The ABCs of Self-Publishing: A Guest Post by Mark Evans

27 Oct

I’m working my way through this list of self-publishing to-do’s. It’s a bit of work. Some of them are simply going to have to wait until I have a little money to work with, but they are on my list. It just has a slightly different order than that of other authors. And that’s O.K., not everyone takes the same path.

It has taken me a while to be calm about these facts, but now that I have the voices in my head have stopped screaming at each other (at least, most of them).

CATHERINE RYAN HOWARD

Today we have a guest post from self-publisher Mark Evans, who has just released his first novel, Mrs God. Welcome to Catherine, Caffeinated, Mark! 
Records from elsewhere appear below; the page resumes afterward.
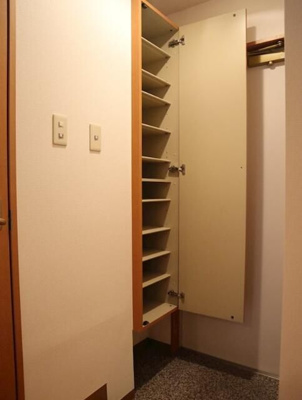 【玄関】 | ヴィレッジフィールド彩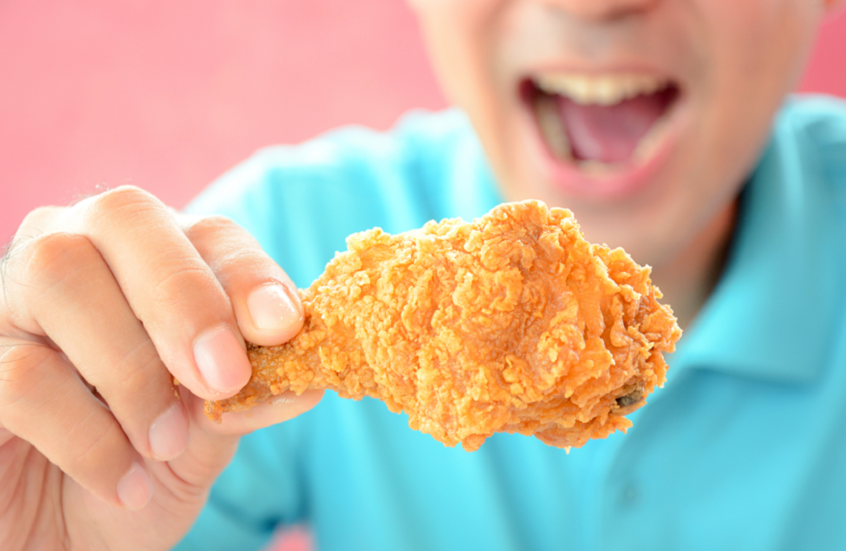 دراسة جدلية: 19 لقمة دجاج أسبوعيا قد تهدد حياتك!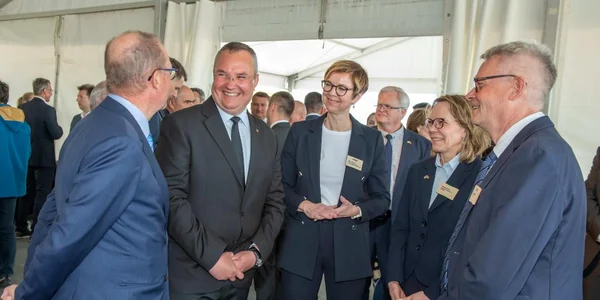 premierul Nicolae Ciuca si Jukka Hienonen, Președintelui CA al Nokian Tyres jpg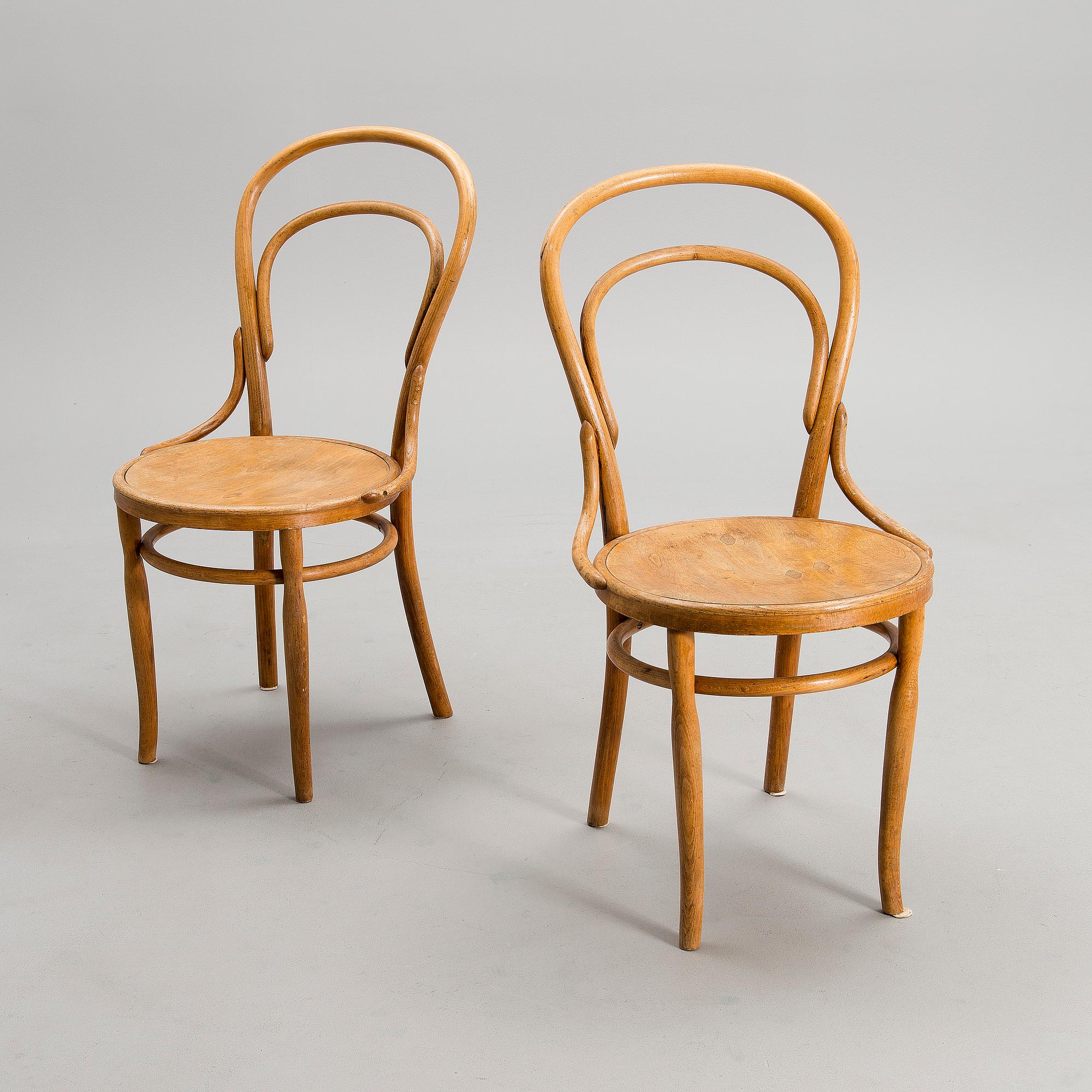 TWO RUSSIAN EARLY 20TH CENTURY CHAIRS.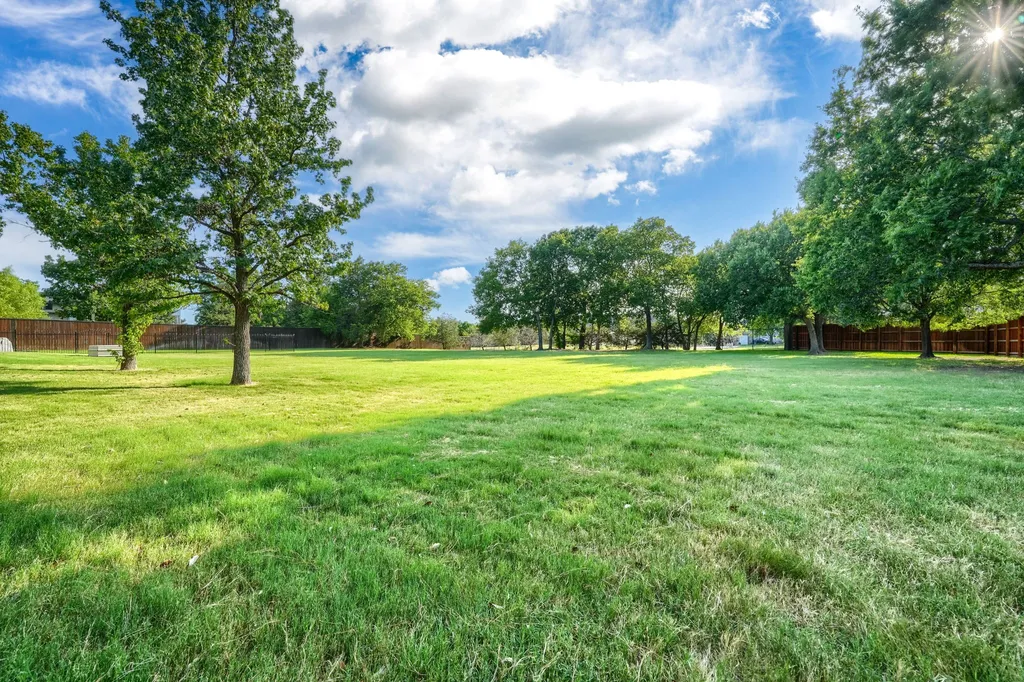 276 Pine Drive Southlake TX 76092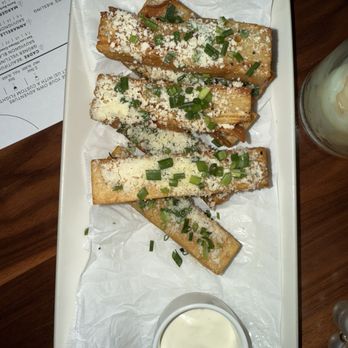 Sixty Vines - Vineyard fries - New American Near Me - Orlando, Florida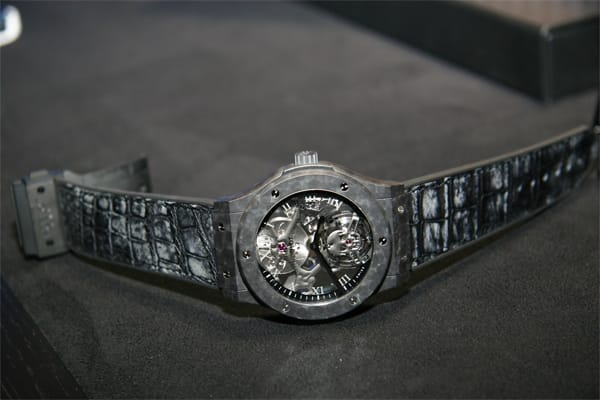 Kaum zu glauben, aber wahr: Diese Uhr ist schon ausverkauft. Vom Classic Fusion Tourbillon Skull in weiß werden 50 Stück gebaut, eine Uhr kostet knapp 89.000 Euro. Der Wirbelwind ist in Totenkopf-Form gebaut.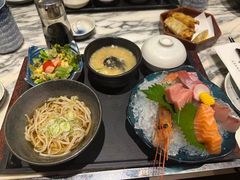 -家贺屋刺身寿司专门店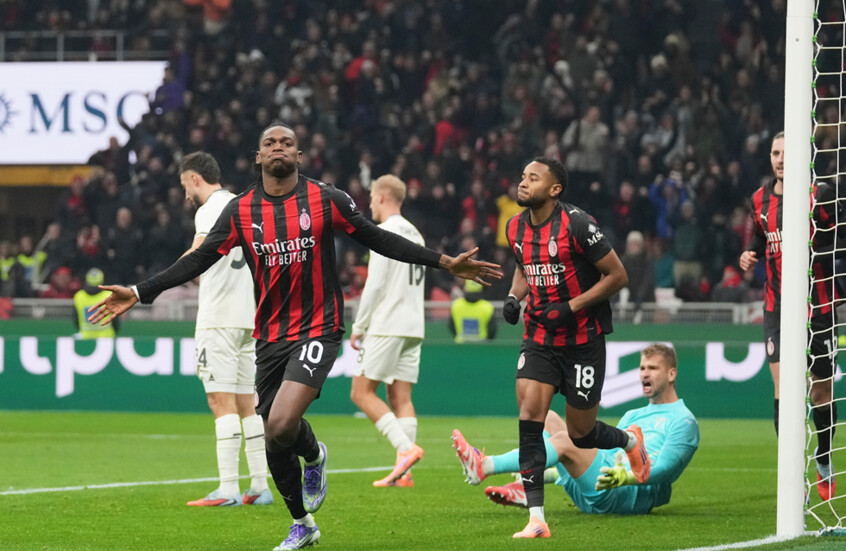 على أكتاف لاتسيو.. ميلان يصعد إلى صدارة الدوري الإيطالي (فيديو)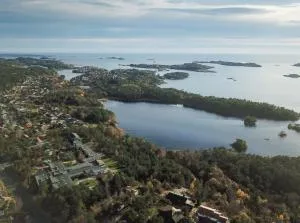 Agder Folkehøgskole - Gjestehus - Nodeland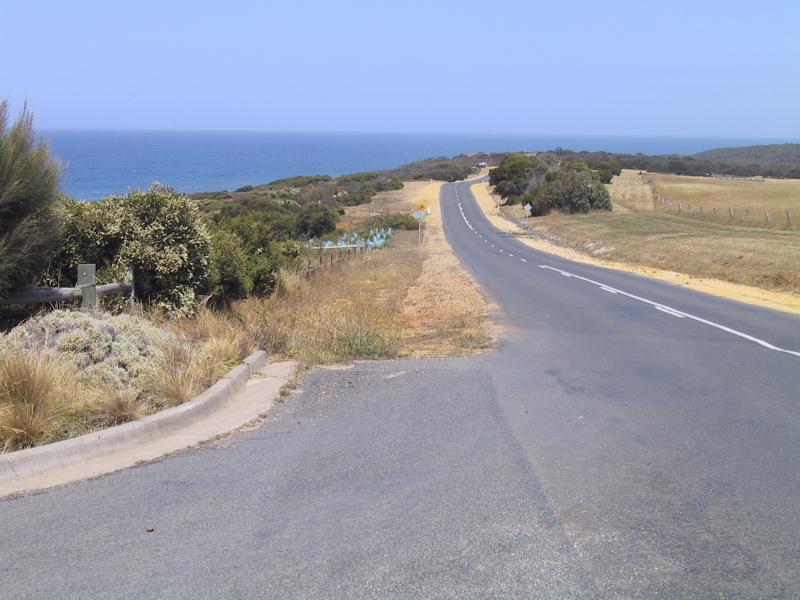 Torquay - Bells Beach: Road along coast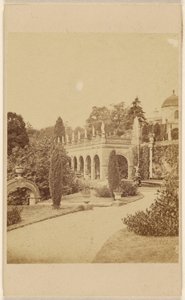 Alton Gardens - Piazza et fontaine - Unknown artist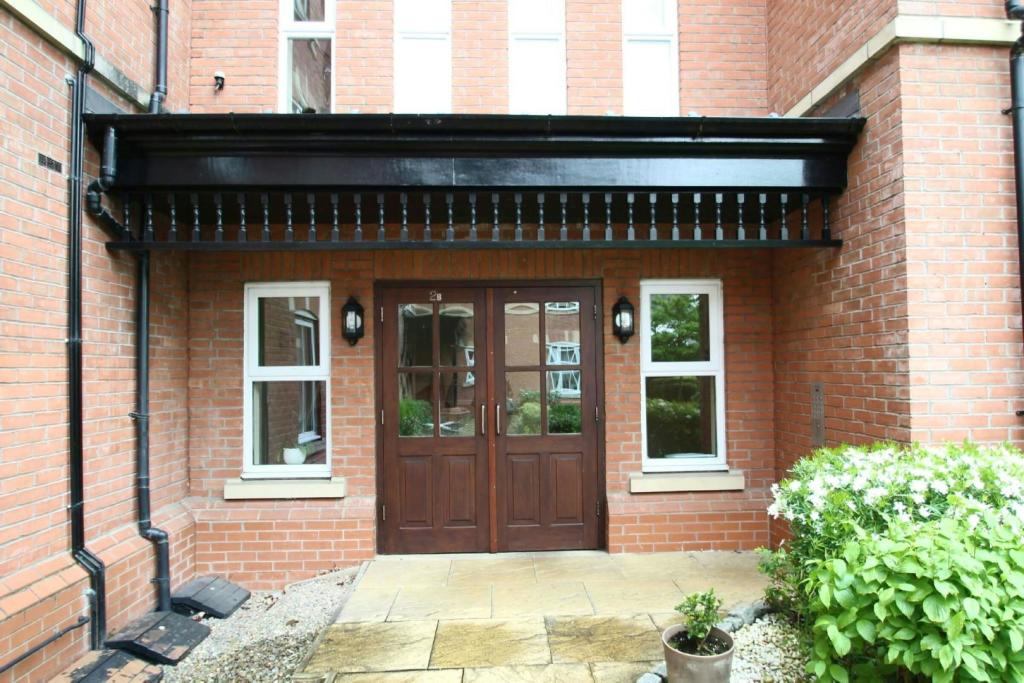 Communal Entrance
“You remember the scene in Glengarry Glen Ross, don’t you? The one where Alec Baldwin gives a lecture on the art of selling real estate, by swearing a lot and insulting Jack Lemmon, Alan Arkin and Ed Harris? It’s a great scene. Baldwin’s message can be boiled down to just three letters: ABC. Always. Be. Closing. Always be closing the deal, getting people to sign on the dotted line.

Well, Jack, Alan and Ed could have been authors and Alec could have been giving them advice on selling self-published books. The same principle applies – always be closing. It’s as easy as ABC. In fact, self-published authors should go even farther; they should be closing long before there’s something to sell. Let’s break it down.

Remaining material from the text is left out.